* [Requirement]
Set down the data below in full and exactly, minus the pictures.

* [Dataset extract]

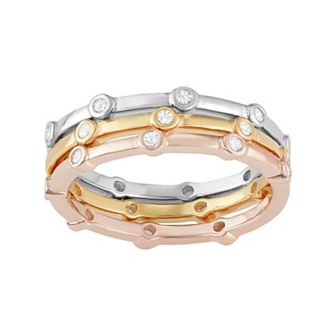 Tri-Tone Sterling Silver Cubic Zirconia Stack Ring Set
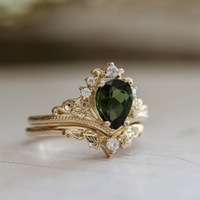 Ensemble de pierres précieuses de fiançailles vert émeraude 1.5ct bagues de style rétro en or pour femmes en or véritable 18 carats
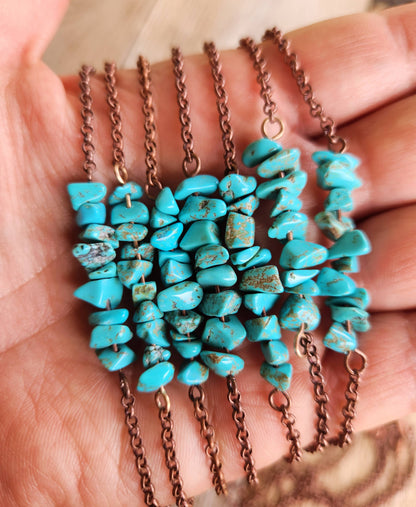&quot;Oakley&quot; Turquoise Howlite and copper bar necklace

* [Exercise answer]
 Tri-Tone Sterling Silver Cubic Zirconia Stack Ring Set
 Ensemble de pierres précieuses de fiançailles vert émeraude 1.5ct bagues de style rétro en or pour femmes en or véritable 18 carats
&quot;Oakley&quot; Turquoise Howlite and copper bar necklace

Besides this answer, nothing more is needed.